CONGREGACIONAIS — Na sua doutrina soteriológica se assemelhavam aos Presbiterianos. Alguns puritanos (caracterizados pela convicção plena da soberania de Deus) eram presbiterianos, outros (como Roger Williams, na América) eram batistas, mas muitos eram congregacionais, como Jonathan Edwards.

ANGLICANOS — Na primeira reestruturação desta Igreja, sob Edward VI, quando foram escritos os 42 Artigos de Fé, a soberania de Deus e a posição Calvinista, sobre a salvação, foi retratada e defendida.

13. Presente nas mensagens dos grandes pregadores dos séculos 17 a 19, tais como CHARLES SPURGEON—O grande pastor batista, que muito escreveu sobre eleição e soberania de Deus.

J. EDWARDS e GEORGE WHITEFIELD, nos EEUU, e muitos outros de tradição puritana.

14. Considerada como o esteio da Igreja e da Nação Holandesa, durante séculos (na forma mais abrangente da Soberania de Deus – pois penetrou a vida plena da nação, inclusive na política), o que pode ser constatado nos movimentos missionários e de catequização deflagrados pelos holandeses nos séculos 16 e 17 e, mais contemporaneamente, nas vidas e escritos de KUYPER, BAVINCK e outros ilustres homens de Deus, daquele país.

15. Considerada a mola mestra dos movimentos missionários desencadeados pela Igreja Norte Americana, pois constituía a doutrina explanada pelos grandes doutores, tais como Charles Hodge, Benjamin Warfield, Dabney e tantos outros. Neste sentido, esteve presente no Brasil desde o início da Igreja Presbiteriana, pois era a doutrina dos antigos missionários (a começar com Simonton – discípulo de Hodge) e dos primeiros pastores formados por estes, tais como o Dr. Antônio Almeida e muitos outros.

16. Infelizmente, esquecida e relegada a segundo plano por quase todo o mundo evangélico contemporâneo, mais preocupado que está com os “modismos” da época, em vez de concentração nas raízes sólidas da doutrina bíblica e na aplicação destas às pessoas, em todas as suas atividades. Este esquecimento foi provavelmente causado pelo advento do Dispensacionalismo, há cerca de 150 anos, que, popularizado pela Bíblia de Scofield, tomou conta da mensagem e da teologia da maioria das denominações, até da Igreja Presbiteriana, no maior reavivamento de Pelagianismo e Arminianismo desde a aparição destas correntes.

17. Necessária no ensinamento das Igrejas, que deveriam rever os seus Padrões de Doutrina, achegando-se cada vez mais à Palavra, para que a posição de Deus venha a ser exaltada, e para que o Evangelho puro possa ser pregado, para a glória do Seu Nome.

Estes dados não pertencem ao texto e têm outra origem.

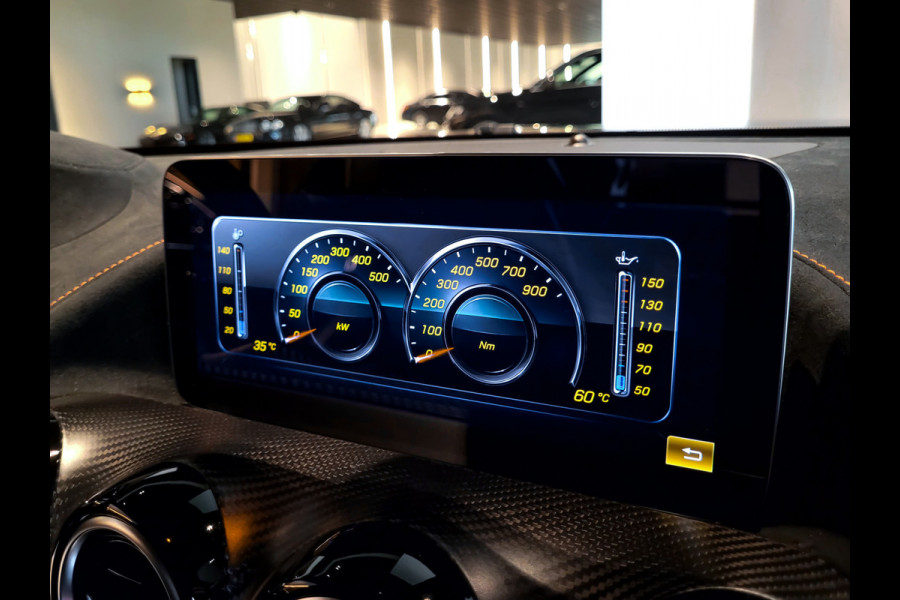 Mercedes-Benz AMG GT 4.0 Black Series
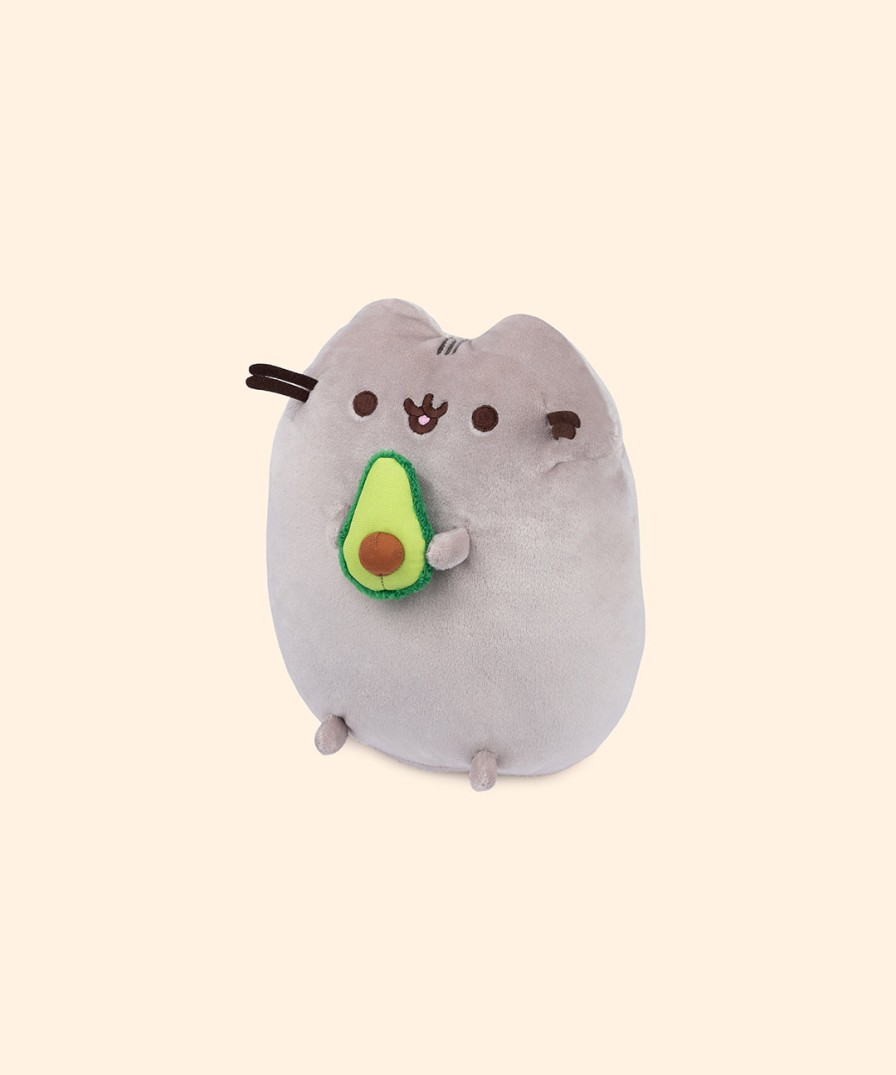 GUND Avocado Pusheen Plush Plush & Squisheens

Acreditamos, portanto, que a Doutrina da Predestinação é bíblica; harmoniza-se com o todo da revelação da pessoa de Deus, conforme as Escrituras; e tem sido sustentada pelo testemunho dos segmentos fiéis da igreja de Cristo. Em artigo próximo, examinaremos algumas objeções contra a doutrina da predestinação e concluiremos este estudo.